Problem to work on:
Would you output the lines from the one with "Gossip Mind" through the last line of the material below, exactly, but without pictures?

Raw data:

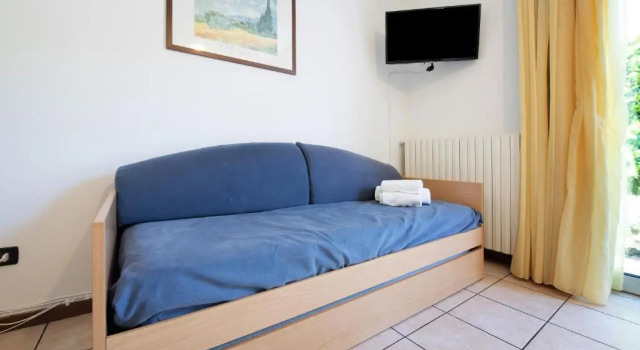 Garda Resort Appartamento 4, Забронировать Курортный отель Курортные отели озера Гарды, Курортный отель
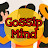 Gossip Mind
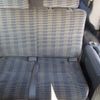 honda step-wagon 1997 20582 image 17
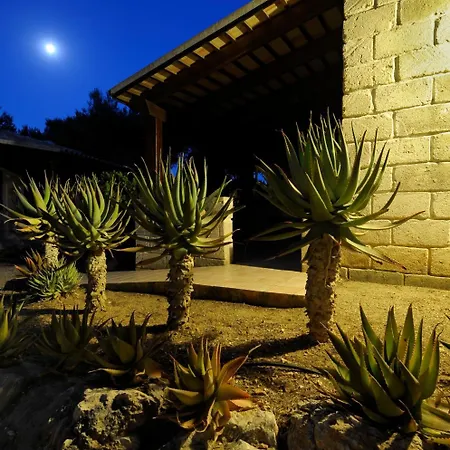 Апарт-отель Miramare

Response box:
 Gossip Mind
 honda step-wagon 1997 20582 image 17
 Апарт-отель Miramare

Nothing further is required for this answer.